## Task brief
Only the lines from the first line of the data through the line containing "Old School Playlist" belong in the answer, transcribed exactly; pictures do not.

.....

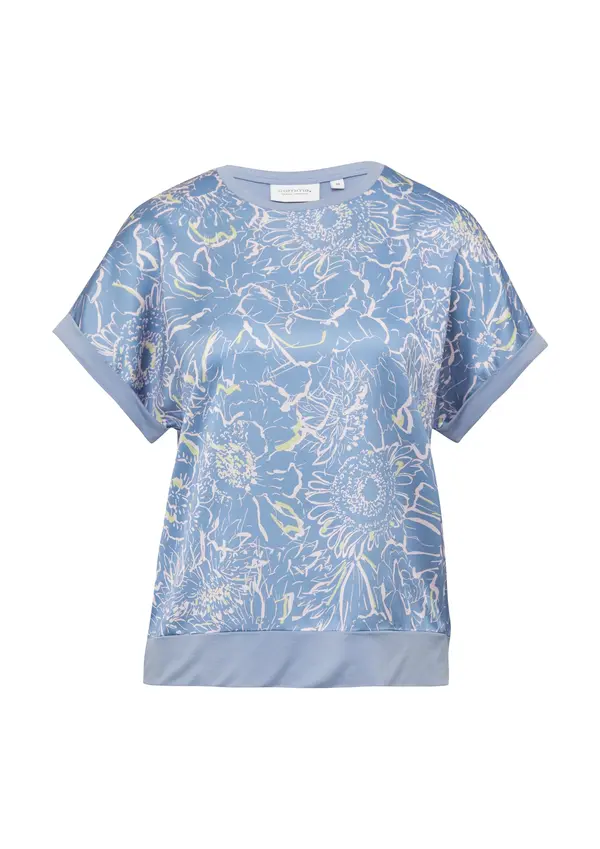 comma casual identity comma casual identity Majica  modra / jabolko / bela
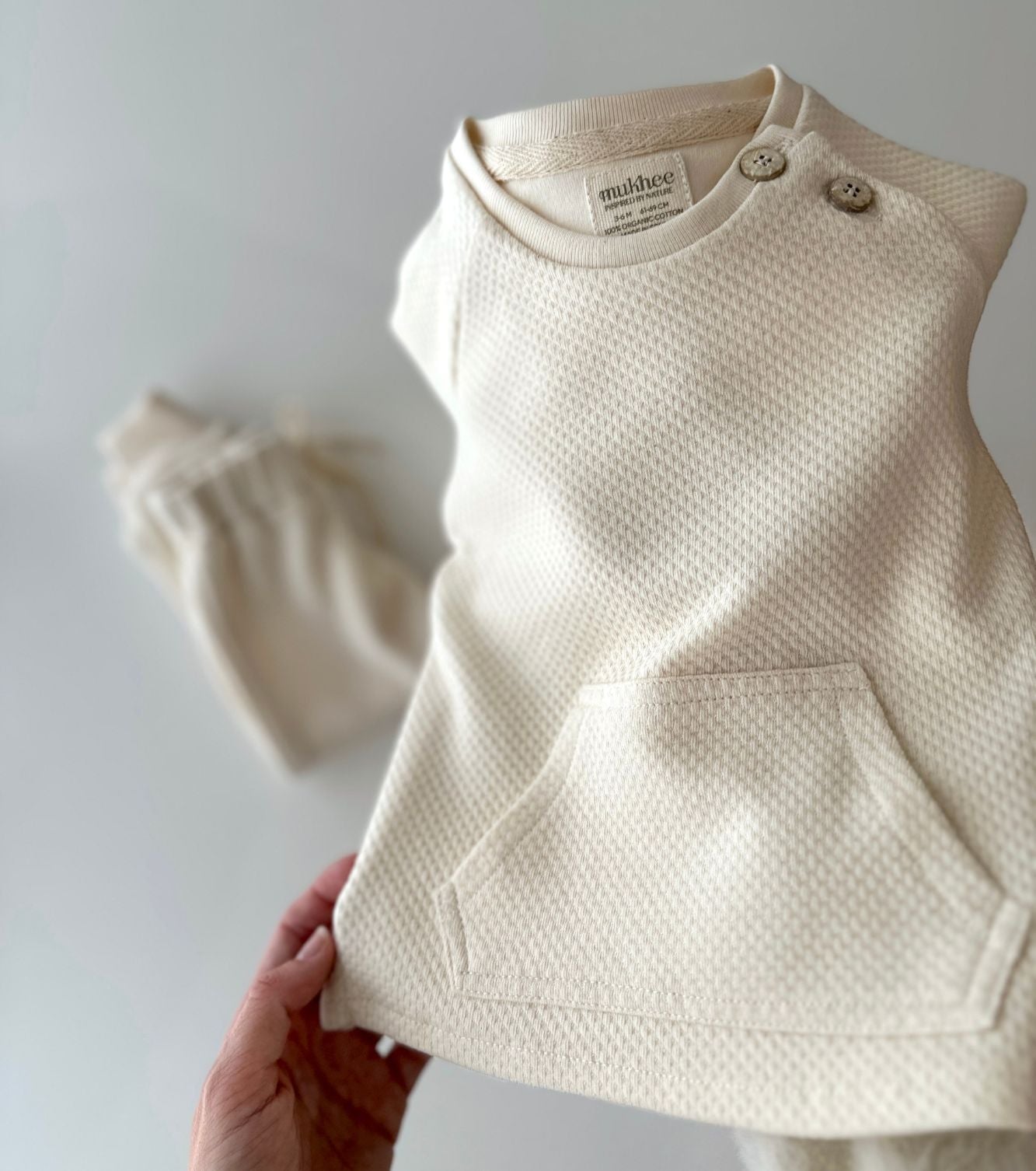 Camiseta en interlock 3D de algodón orgánico | Nimo | Ecru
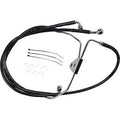 Drag Specialties 1741-2512 Extended Length Black Vinyl Brake Line Kit +8"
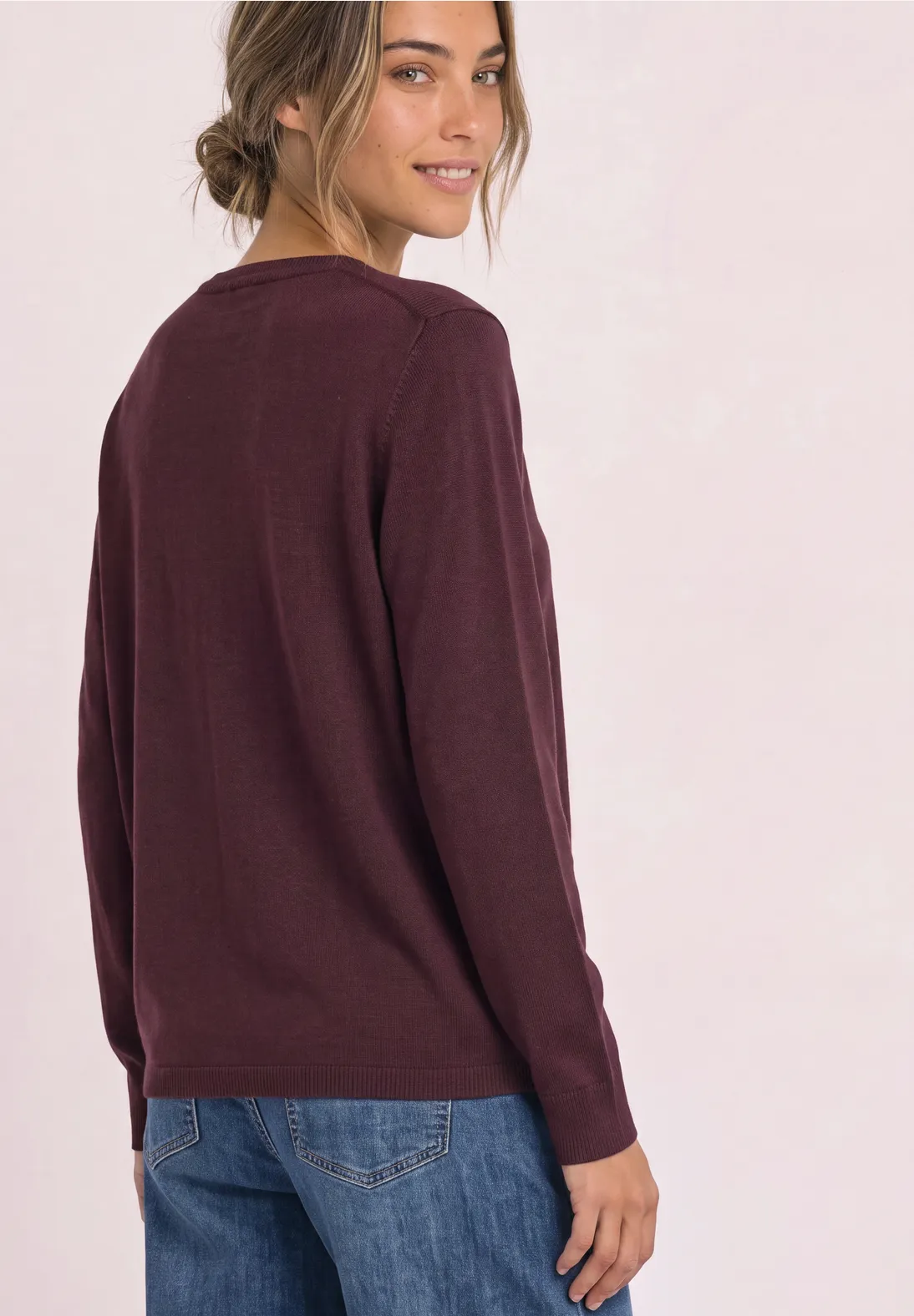 Street One Basic Jumper - Rustic Rouge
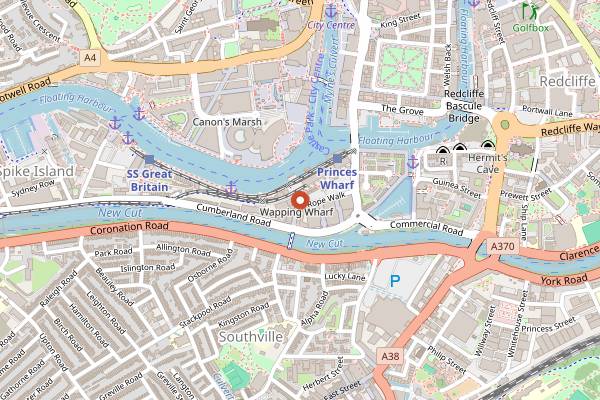 Map showing Root in Bristol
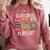 Old School Playlist Nostalgia Vibes Cassette Comfort Colors Sweatshirt Orchid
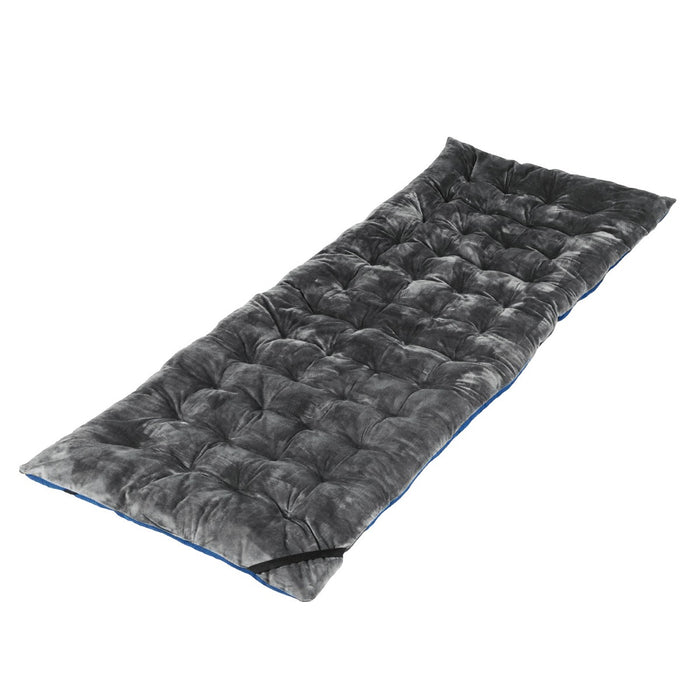 Cuscino per sdraio con 4 cinghie di fissaggio tasca per fissare al letto, Cuscino spesso 190x70x7cm Grigio scuro-Cuscini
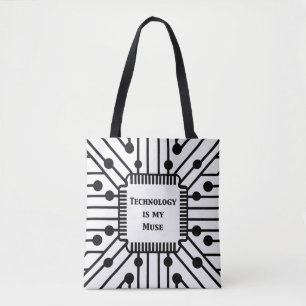 Tote Bag La technologie est ma muse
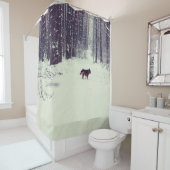 Winterwunderland: Schneewald Duschvorhang (Beispiel)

.....

## Result for this exercise
 comma casual identity comma casual identity Majica  modra / jabolko / bela
 Camiseta en interlock 3D de algodón orgánico | Nimo | Ecru
 Drag Specialties 1741-2512 Extended Length Black Vinyl Brake Line Kit +8"
 Street One Basic Jumper - Rustic Rouge
 Map showing Root in Bristol
 Old School Playlist Nostalgia Vibes Cassette Comfort Colors Sweatshirt Orchid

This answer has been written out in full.